# [DATA FOR THE TASK]
• • •
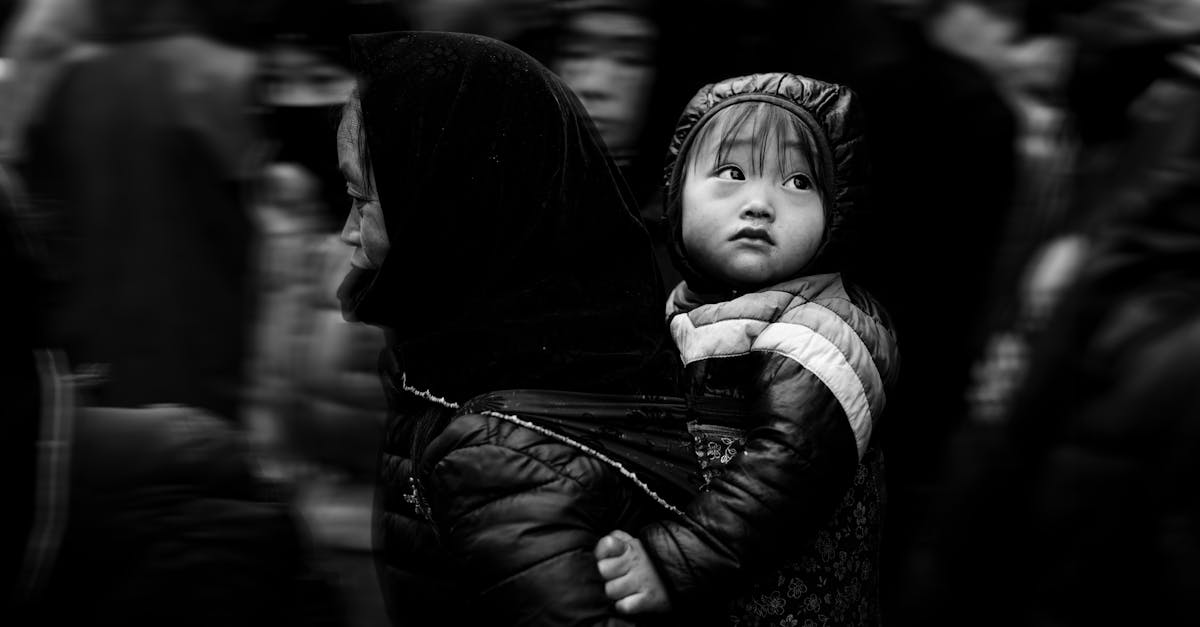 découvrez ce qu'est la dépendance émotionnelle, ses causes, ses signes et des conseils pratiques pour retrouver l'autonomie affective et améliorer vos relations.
• • •
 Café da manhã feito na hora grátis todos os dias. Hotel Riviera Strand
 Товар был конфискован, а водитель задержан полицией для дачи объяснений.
• • •
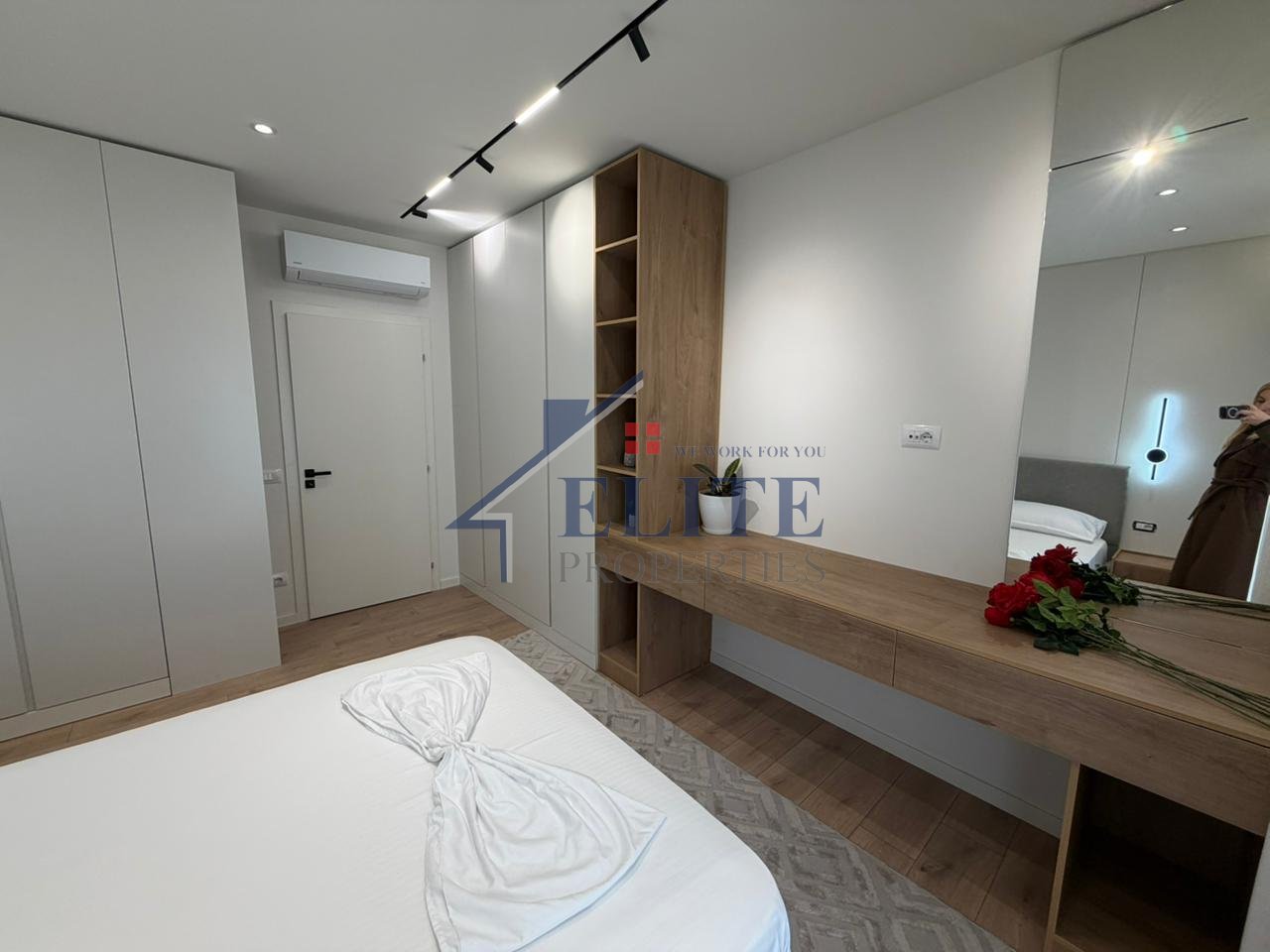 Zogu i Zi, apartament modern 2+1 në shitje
• • •
# [YOUR TASK]
Among the lines above, repeat exactly those from the line with "Café da manhã" to the line with "Товар был конфискован, а", counting both ends.

# [EXERCISE RESPONSE]
 Café da manhã feito na hora grátis todos os dias. Hotel Riviera Strand
 Товар был конфискован, а водитель задержан полицией для дачи объяснений.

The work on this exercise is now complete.